____ STUDY MATERIAL
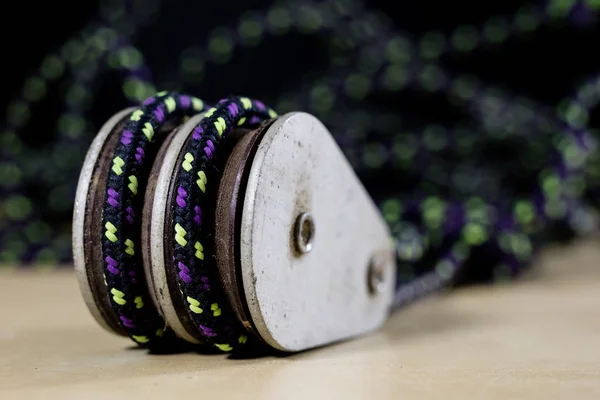 Takelage, Segel-Zubehör. Seilblock und Schekel auf einem Holztisch. schwarzer Hintergrund — Stockbild Takelage, Segel-Zubehör. Seilblock und Schekel auf einem Holz — Stockfoto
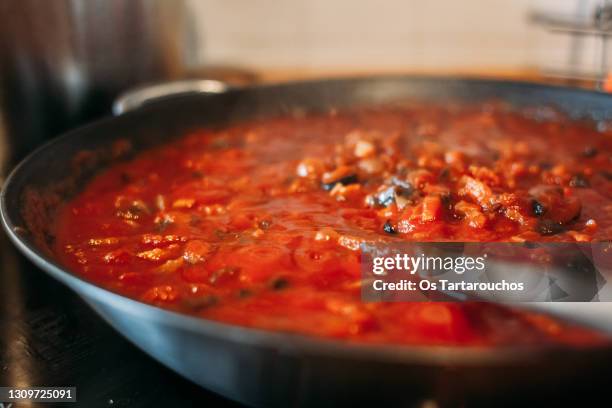 close up of tomato and vegetables sauce in a pan on the kitchen - close up cooking stock-fotos und bilder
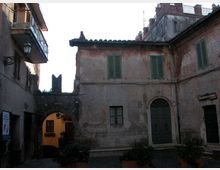 Cortile interno in un centro storico, circondato da edifici in intonaco consumato con persiane verdi e tetti in coppi. A sinistra si vede un arco in pietra che conduce a un passaggio illuminato, con porte e finestre ad arco e vasi di piante lungo il pavimento in pietra.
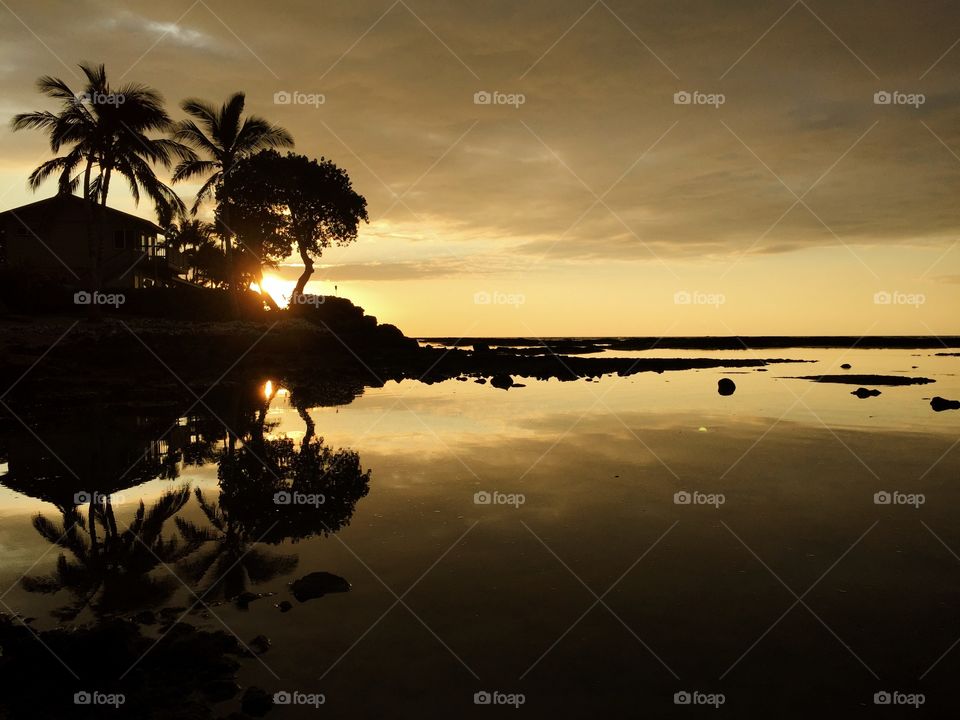 A perfect mirror image reflected upon calm waters of Puako Beach, Hawaii. 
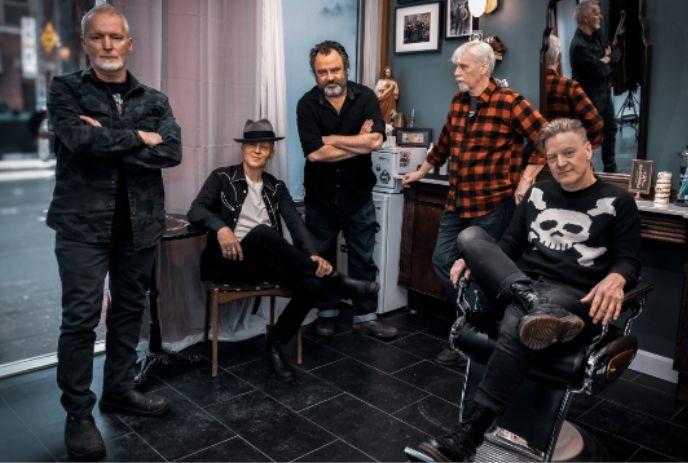 Five older men posing in a stylish barbershop, dressed in casual and rocker-style clothing.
________
Without including any pictures, print each record exactly.

 Takelage, Segel-Zubehör. Seilblock und Schekel auf einem Holztisch. schwarzer Hintergrund — Stockbild Takelage, Segel-Zubehör. Seilblock und Schekel auf einem Holz — Stockfoto
 close up of tomato and vegetables sauce in a pan on the kitchen - close up cooking stock-fotos und bilder
 Cortile interno in un centro storico, circondato da edifici in intonaco consumato con persiane verdi e tetti in coppi. A sinistra si vede un arco in pietra che conduce a un passaggio illuminato, con porte e finestre ad arco e vasi di piante lungo il pavimento in pietra.
 A perfect mirror image reflected upon calm waters of Puako Beach, Hawaii. 
 Five older men posing in a stylish barbershop, dressed in casual and rocker-style clothing.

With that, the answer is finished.